A number of steps could start addressing these challenges in both regulated and deregulated markets for electricity. To build low-emissions assets affordably, power companies in regulated markets could either take on the job themselves, reducing costs through internal efficiency improvements, or issue competitive bids for other companies to do it. In deregulated markets, auctions for supply agreements will probably still be critical. In both kinds of markets, solar and wind power (or other forms of capital-intensive power) need to be able to compete on a level playing field with generation technologies that have relatively low capital costs but high fuel costs.
To help keep supply aligned with demand, a system depending on solar and wind power will also need to build a great deal of flexible capacity—that is, capacity that can provide electricity when wind and solar cannot. (Flexible capacity is sometimes called resource adequacy, depending on the location and the length of time that the capacity covers.) Some of that flexible capacity would support wind and solar over the course of a day; for example, batteries could store solar power during the day and release it in the evening. In regulated markets, a procurement authority could require generators to make available a certain amount of such capacity. In deregulated markets, it could be attained by requiring assets to compete against each other to provide it.

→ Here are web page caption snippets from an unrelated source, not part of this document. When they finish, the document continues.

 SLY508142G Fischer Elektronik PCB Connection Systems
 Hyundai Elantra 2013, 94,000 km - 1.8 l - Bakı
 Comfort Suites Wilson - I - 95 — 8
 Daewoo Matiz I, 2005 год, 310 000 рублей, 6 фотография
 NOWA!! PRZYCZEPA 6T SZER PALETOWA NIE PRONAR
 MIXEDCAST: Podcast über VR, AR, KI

Other kinds of flexible capacity would support electricity markets for more than a day in order to counteract seasonal and extreme events. For example, it may be necessary to maintain generation plants, which could run on fossil fuels today but eventually be retrofitted with carbon capture or shift to using low-emissions fuels. They would be used much less than they are today, so incentives would be needed for companies to maintain and run them, as well as the necessary support infrastructure, such as gas pipelines.

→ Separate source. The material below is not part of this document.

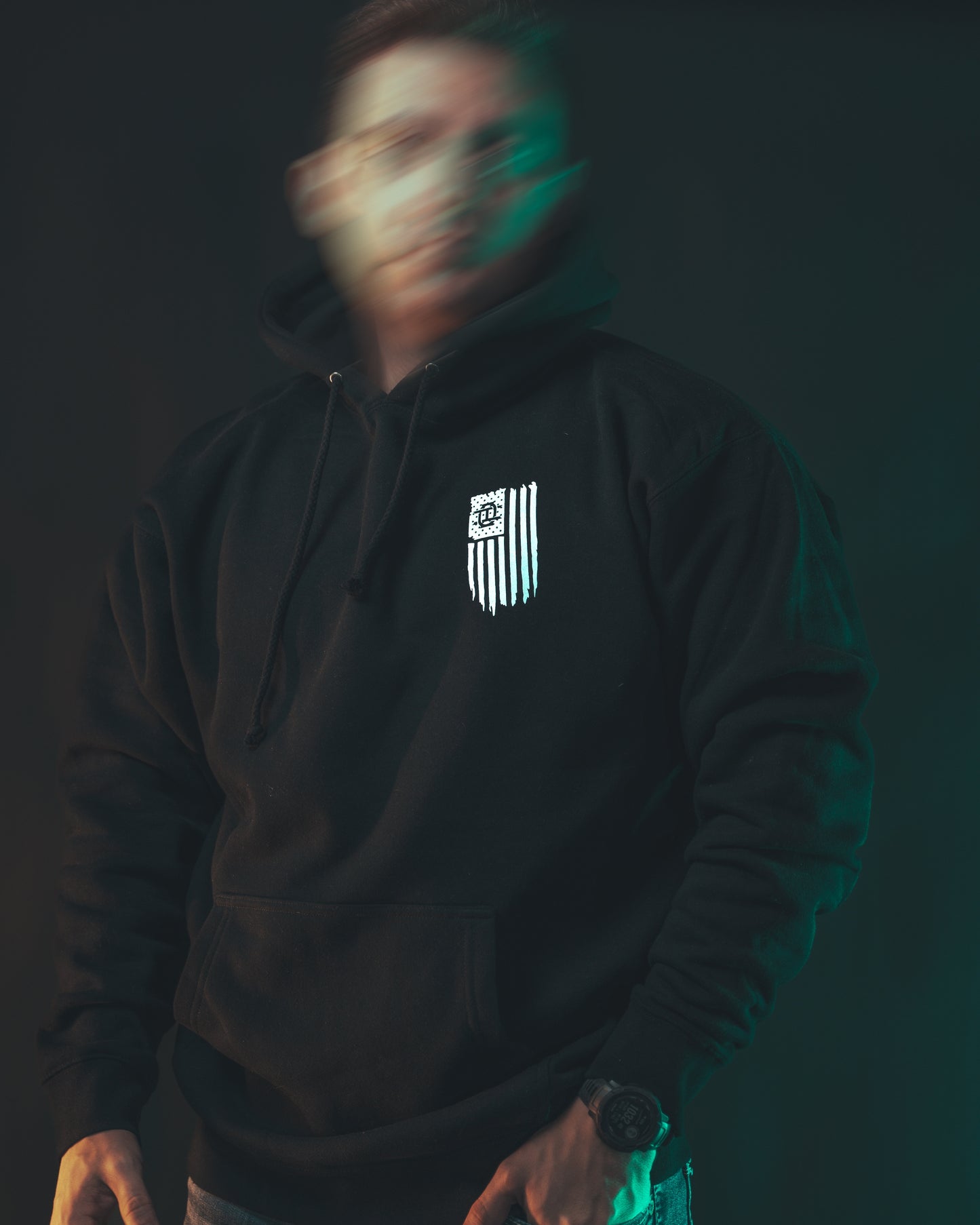 Join or Die Heavyweight Hoodie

Compensation mechanisms would have to change to give companies incentives to provide this kind of capacity. In regulated markets, planners could determine the amount of capacity needed and allow companies to build or maintain more assets to cover the need, compensating them with a regulated return on those assets. In deregulated markets, other compensation mechanisms, such as a price paid per gigawatt of flexible capacity, would provide incentives for companies to build or maintain assets well in advance of the need, because power capacity cannot be built overnight. Acceptable system risks would also need to be defined.

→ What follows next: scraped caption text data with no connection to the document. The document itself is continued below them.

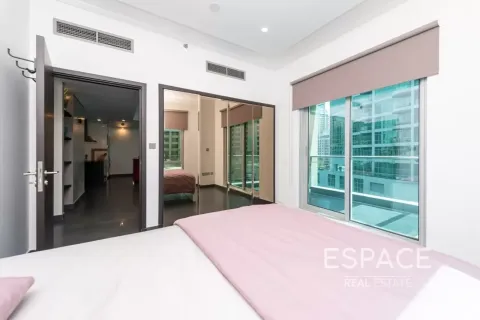 Appartement te koop in Dubai Marina, Dubai, VAE 2 slaapkamers, 124 vr.m., nr 737939 - foto 10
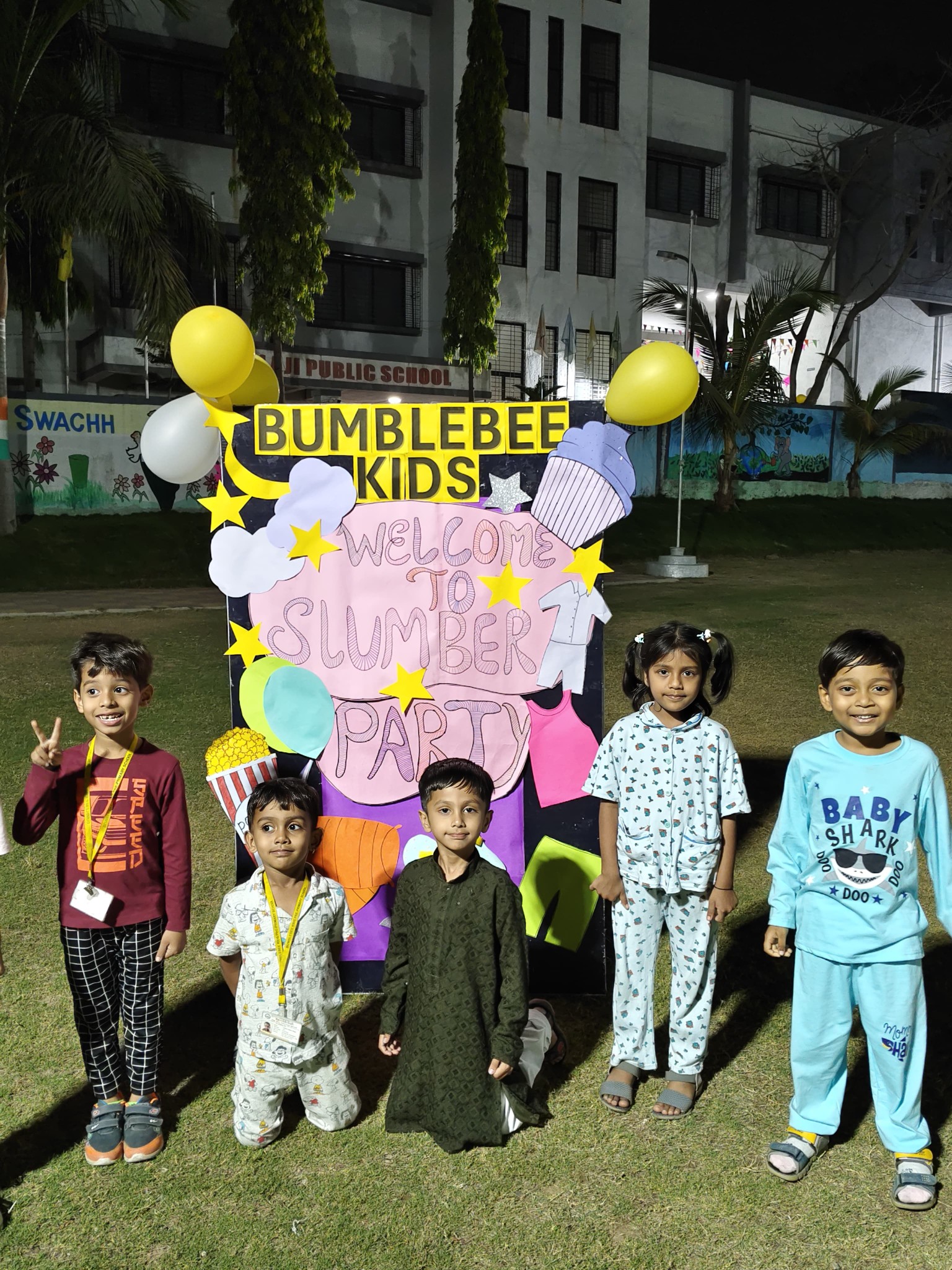 Sai Balaji Public School campus photo 20 of 30 — Nere
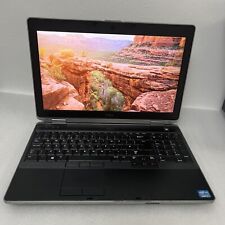 dell e6530 core i7 for sale  BRENTWOOD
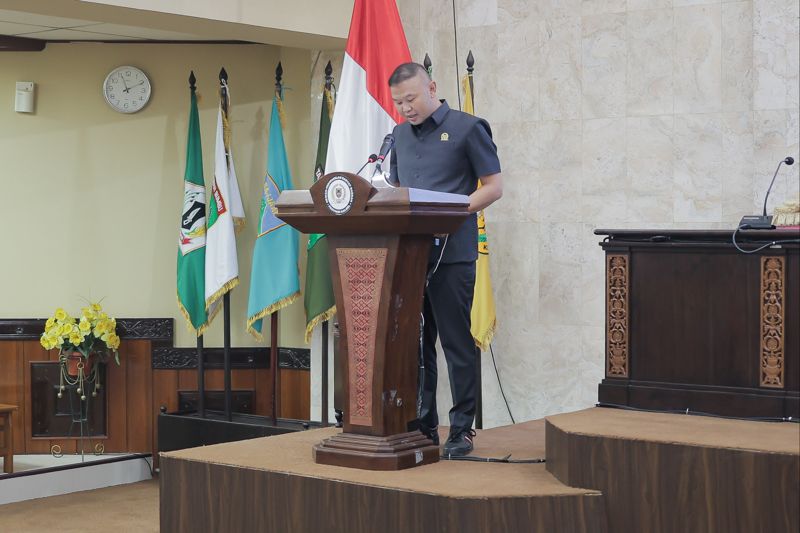 Fraksi PKS DPRD Kalsel: Defisit APBD Perubahan 2026 Naik Jadi Rp 2,77 Triliun, 27.738 Kasus ISPA Akibat Kabut Asap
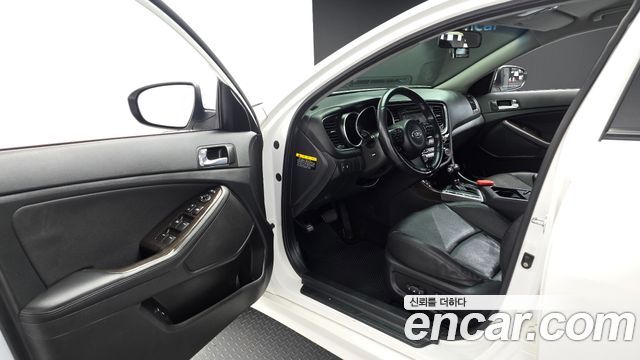 Kia K5 Luxury Trendy 2014 — фото 10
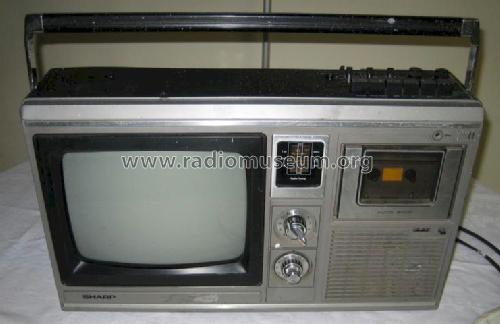 10P-18G; Sharp; Osaka (ID = 1104993) TV-Radio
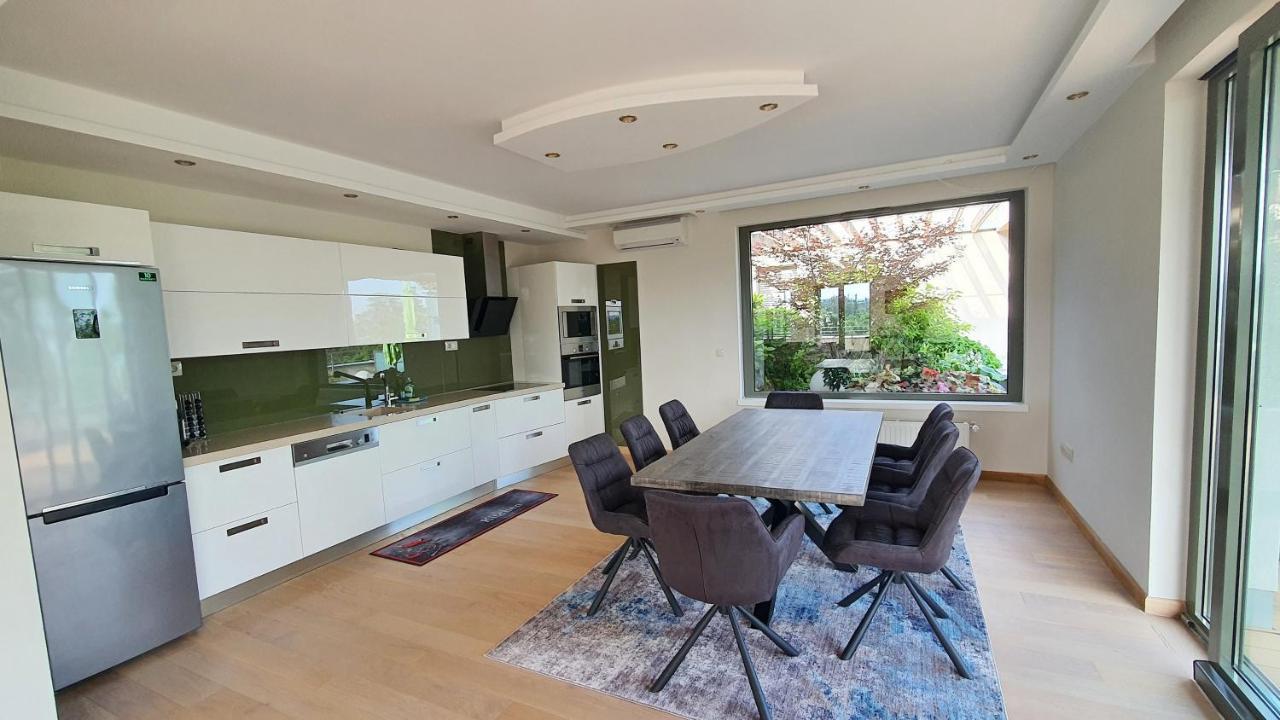 Silver DeLux Apartman Balatonfüred Exteriör bild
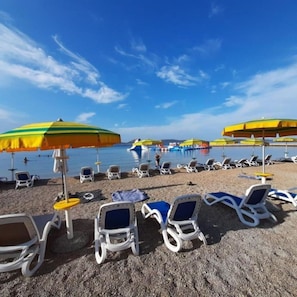 Beach - Apartments Josip (Vodice)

Flexibility will be critical regardless of the generation mix as more and more parts of the economy become electrified. Planning mechanisms will be necessary to determine the need—for example, which seasons and types of events present the greatest challenges and how much electricity will be needed to maintain reliability. A particularly important planning tool in determining how much capacity a resource can provide during critical times is probabilistic modeling, which can account for variations in demand for electricity and for intermittent supply.
Another way to reconcile the timing of supply and demand is to offer consumers and businesses incentives to shift their demand for electricity to times when there is more available supply. For example, EV charging does not have to happen in the evening. And data centers can align their demand to times and locations at which renewable sources of electricity are operating.
Not only the generation of electricity but also its transmission faces a challenge: the transmission capacity necessary for the transition needs to be built. The challenge exists both for large-scale, high-capacity lines that would cover long distances and for smaller lines that would connect them to generators. There is no shortage of capital seeking to build large-scale transmission in many developed countries. The problem, rather, is planning procedures that assess only the reliability value of a single line. More modern planning procedures—which evaluate a portfolio of transmission lines and value several benefits, such as resiliency, access to clean energy, and economic development—are increasingly being adopted. Such procedures should balance costs and benefits among jurisdictions to account for their different approaches. Another reason for not building transmission capacity is permitting, as this report discussed earlier.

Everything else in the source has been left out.